El dios del mar, en tono exigente, pidió la mano de mi hija para llevarla consigo a su reino abisal, yo me negué rotundamente y lo desafié, sin pensar en las consecuencias de mis actos. En ese instante, me expulsó de su reino y caí de nuevo en mi cuerpo. Al día siguiente, bajo una mañana cubierta de malva escarlata, encontré con horror a Dayana entregándose a la costa. Le grité, pero ella no pareció escucharme, y al instante, en un último acto, las olas la tragaron ansiosas en un chasquido. ¡Ay la soledad ahora es mi triste compañera! No tardó mucho la depresión en atacarme, pero comencé a contrarrestarla escribiendo cosas sobre mi dolor.

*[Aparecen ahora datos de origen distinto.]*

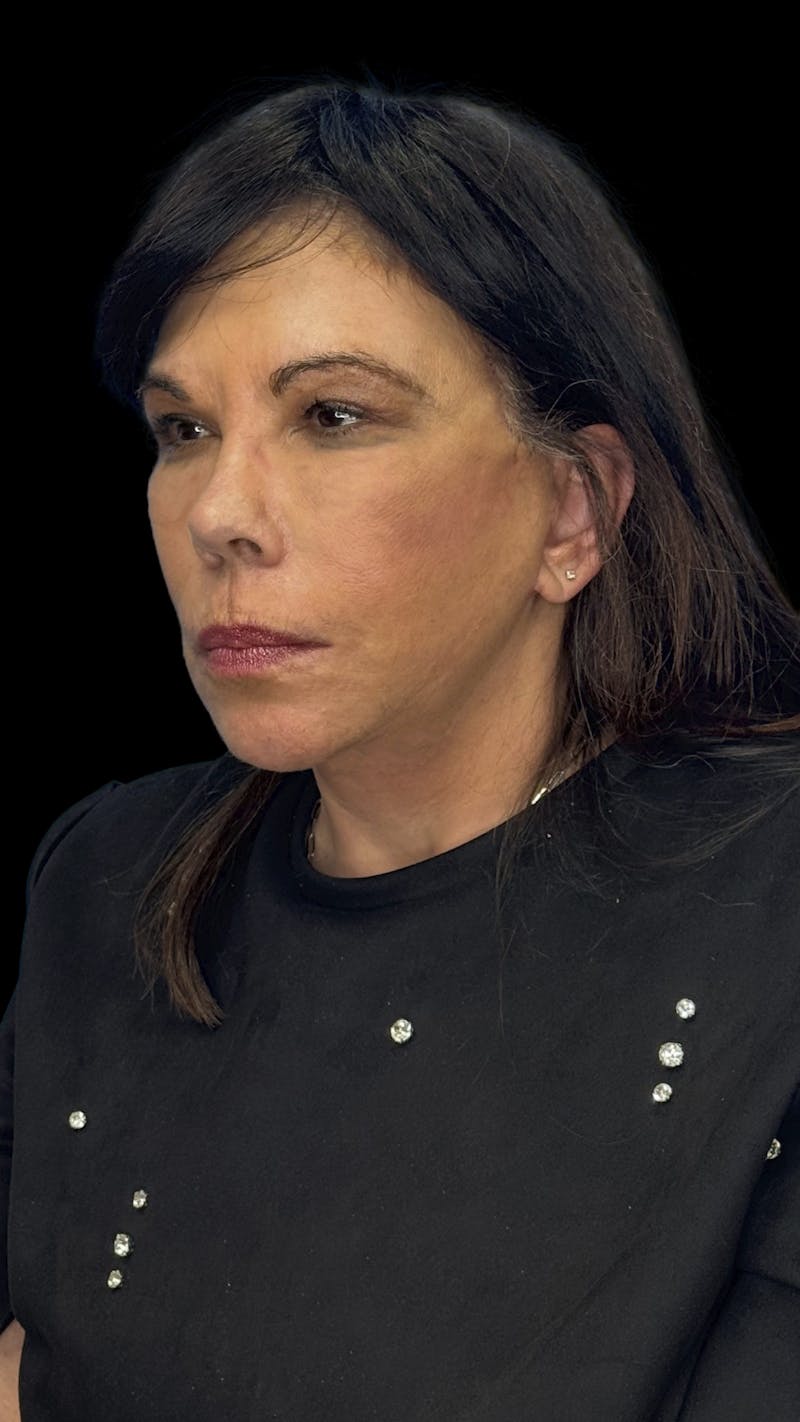 Deep Plane Facelift 70s Before & After Gallery - Patient 363827 - Image 7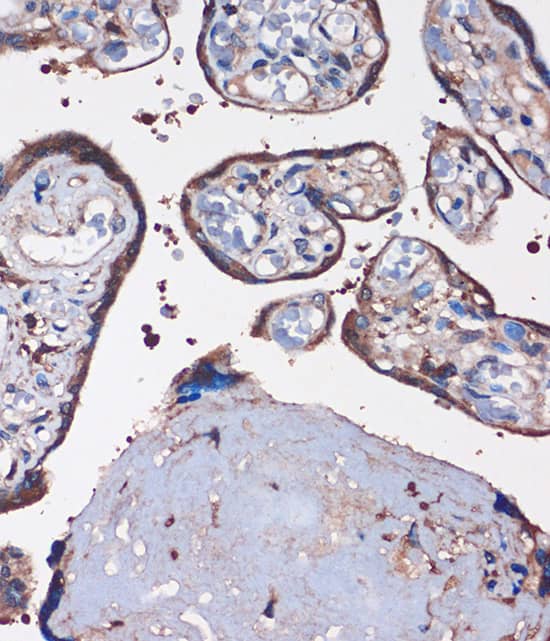 Immunohistochemistry WDR61 Antibody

Tomé un trozo de papel, lo coloqué en una botella de vino y dejé que la arena la arrastrara hasta el fondo. Conjuré una promesa para que mi carta no pasara desapercibida. Si alguien encontrase esta botella, ya yo habré muerto por la pena, pero por el contrario, si yo me encontrase vivo aún, entonces nadie sabrá mi historia. Eres tú quien tomará la decisión de publicar mi historia y de no ser tragado por el olvido, aunque la soledad me lleve en cualquier momento a los brazos de la muerte.